Fool marca o regresso de Joe Jackson aos discos. Uns pontos bem acima em relação ao anterior Fast Forward (2015), o recente trabalho do músico inglês joga com as sortes e os azares da vida. E se o tom do disco tende para o lado da soturnidade, também é verdade que o brilho do nosso good ol’ Joe nunca nos deixa às escuras.

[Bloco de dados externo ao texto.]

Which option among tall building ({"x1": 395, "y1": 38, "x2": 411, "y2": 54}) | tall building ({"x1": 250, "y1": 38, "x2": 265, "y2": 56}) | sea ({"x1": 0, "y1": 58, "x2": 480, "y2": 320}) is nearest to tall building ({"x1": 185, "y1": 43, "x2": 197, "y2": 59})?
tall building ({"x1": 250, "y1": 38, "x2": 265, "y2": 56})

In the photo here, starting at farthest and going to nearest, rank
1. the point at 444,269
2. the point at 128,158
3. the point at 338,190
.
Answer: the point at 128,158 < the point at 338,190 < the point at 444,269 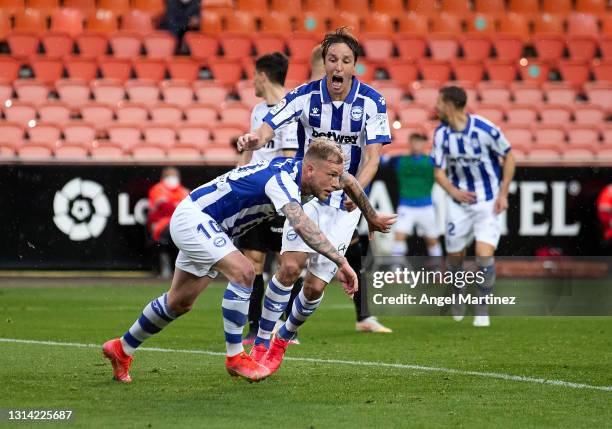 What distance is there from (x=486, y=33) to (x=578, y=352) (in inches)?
577

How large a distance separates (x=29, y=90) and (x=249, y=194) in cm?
1375

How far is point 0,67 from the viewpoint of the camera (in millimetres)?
20422

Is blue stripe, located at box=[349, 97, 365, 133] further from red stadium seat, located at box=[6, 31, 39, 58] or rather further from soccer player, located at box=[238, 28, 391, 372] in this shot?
red stadium seat, located at box=[6, 31, 39, 58]

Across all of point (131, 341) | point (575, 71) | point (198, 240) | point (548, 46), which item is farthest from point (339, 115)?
point (548, 46)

Desenganem-se aqueles, e serão muitos, que continuam à espera que Joe Jackson volte a fazer um novo Look Sharp (1979), ou um segundo Jumpin’ Jive (1981) ou ainda uma sequela sonora ao nível do primeiro Night and Day (1982). Mais vale não pensarem nisso. A insistência na chegada desses tão desejados momentos seria sinal de pouco conhecimento em relação à obra do músico britânico. É que Joe Jackson não gosta de se repetir, e o que passou passou, mesmo que o encanto desses três discos nunca se tenha perdido ou diluído face aos muitos outros (e alguns de excelente qualidade) que foi produzindo desde finais dos anos 70. Em jeito de balanço, há que dizer que em nome próprio são já vinte os álbuns de estúdio, isto se não contarmos com as bandas sonoras de Mike’s Murder (1983) e Tucker, The Man and His Dream (1988). Ao vivo, para que conste, contam-se cinco, três deles, pelo menos, de excecional calibre.

Daí que um regresso aos discos por parte de Joe Jackson seja sempre um acontecimento, embora se saiba já não ser, como foi outrora, um músico de referência para as mais novas gerações. No entanto, e como o mundo não começou ontem, os ouvidos mais idosos e inquietos procuram sempre notícias frescas do homem que se deixou fotografar de sapatos bicudos e brancos para a icónica capa do disco de estreia.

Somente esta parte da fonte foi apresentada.